* _Task description_
Go through the listing below and output exactly the line with "MEDIUM REG - US", the line with "Sollux Lighting Żyrandol HALO 6 beżowy", and each line between; omit the rest.

* _Data for this exercise_

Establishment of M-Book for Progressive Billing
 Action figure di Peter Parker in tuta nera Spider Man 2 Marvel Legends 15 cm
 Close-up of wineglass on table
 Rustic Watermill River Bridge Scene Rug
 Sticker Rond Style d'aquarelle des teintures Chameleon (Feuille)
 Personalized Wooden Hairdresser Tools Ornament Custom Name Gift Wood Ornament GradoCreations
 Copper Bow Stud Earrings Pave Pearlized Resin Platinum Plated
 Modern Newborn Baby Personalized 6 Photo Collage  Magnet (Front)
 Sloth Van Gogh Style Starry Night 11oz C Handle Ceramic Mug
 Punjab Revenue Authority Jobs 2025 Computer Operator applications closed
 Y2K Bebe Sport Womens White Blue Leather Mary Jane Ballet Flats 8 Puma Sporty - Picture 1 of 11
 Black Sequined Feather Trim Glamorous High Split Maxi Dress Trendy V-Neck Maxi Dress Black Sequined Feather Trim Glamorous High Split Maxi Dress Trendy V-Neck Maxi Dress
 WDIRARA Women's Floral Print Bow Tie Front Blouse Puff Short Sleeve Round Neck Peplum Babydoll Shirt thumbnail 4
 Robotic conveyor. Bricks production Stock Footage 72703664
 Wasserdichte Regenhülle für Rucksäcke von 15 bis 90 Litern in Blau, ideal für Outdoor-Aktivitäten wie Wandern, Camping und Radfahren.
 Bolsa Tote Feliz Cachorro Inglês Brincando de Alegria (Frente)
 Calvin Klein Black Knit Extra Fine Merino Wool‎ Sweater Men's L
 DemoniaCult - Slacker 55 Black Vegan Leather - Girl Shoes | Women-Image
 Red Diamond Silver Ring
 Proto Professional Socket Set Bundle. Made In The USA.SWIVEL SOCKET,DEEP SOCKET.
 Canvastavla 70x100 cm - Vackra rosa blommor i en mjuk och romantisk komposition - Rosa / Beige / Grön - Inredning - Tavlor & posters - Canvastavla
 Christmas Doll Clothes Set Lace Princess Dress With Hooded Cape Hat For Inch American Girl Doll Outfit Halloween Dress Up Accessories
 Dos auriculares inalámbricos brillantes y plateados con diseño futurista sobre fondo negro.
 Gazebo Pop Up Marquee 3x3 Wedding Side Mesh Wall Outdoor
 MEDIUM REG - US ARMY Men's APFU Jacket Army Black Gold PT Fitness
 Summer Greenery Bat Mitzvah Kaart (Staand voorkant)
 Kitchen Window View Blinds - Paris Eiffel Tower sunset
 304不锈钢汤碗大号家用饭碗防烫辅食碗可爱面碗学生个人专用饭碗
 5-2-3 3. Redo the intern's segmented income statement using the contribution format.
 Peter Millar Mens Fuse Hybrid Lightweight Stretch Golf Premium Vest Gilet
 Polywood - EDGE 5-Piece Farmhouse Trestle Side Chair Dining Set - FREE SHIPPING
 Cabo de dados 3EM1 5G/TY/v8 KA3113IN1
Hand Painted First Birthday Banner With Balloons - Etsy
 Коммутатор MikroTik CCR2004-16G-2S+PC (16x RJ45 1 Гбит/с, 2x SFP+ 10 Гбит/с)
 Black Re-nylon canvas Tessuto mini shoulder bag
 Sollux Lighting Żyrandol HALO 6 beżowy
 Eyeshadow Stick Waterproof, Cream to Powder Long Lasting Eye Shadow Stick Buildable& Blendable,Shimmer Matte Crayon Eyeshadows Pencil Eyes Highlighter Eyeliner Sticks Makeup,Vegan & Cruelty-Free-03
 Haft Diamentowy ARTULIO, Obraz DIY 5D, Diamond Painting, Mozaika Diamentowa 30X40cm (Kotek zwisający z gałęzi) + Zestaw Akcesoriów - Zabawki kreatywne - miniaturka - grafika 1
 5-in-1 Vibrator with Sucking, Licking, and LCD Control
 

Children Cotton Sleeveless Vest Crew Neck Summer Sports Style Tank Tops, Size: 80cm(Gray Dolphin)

* _Response to this task_
 MEDIUM REG - US ARMY Men's APFU Jacket Army Black Gold PT Fitness
 Summer Greenery Bat Mitzvah Kaart (Staand voorkant)
 Kitchen Window View Blinds - Paris Eiffel Tower sunset
 304不锈钢汤碗大号家用饭碗防烫辅食碗可爱面碗学生个人专用饭碗
 5-2-3 3. Redo the intern's segmented income statement using the contribution format.
 Peter Millar Mens Fuse Hybrid Lightweight Stretch Golf Premium Vest Gilet
 Polywood - EDGE 5-Piece Farmhouse Trestle Side Chair Dining Set - FREE SHIPPING
 Cabo de dados 3EM1 5G/TY/v8 KA3113IN1
Hand Painted First Birthday Banner With Balloons - Etsy
 Коммутатор MikroTik CCR2004-16G-2S+PC (16x RJ45 1 Гбит/с, 2x SFP+ 10 Гбит/с)
 Black Re-nylon canvas Tessuto mini shoulder bag
 Sollux Lighting Żyrandol HALO 6 beżowy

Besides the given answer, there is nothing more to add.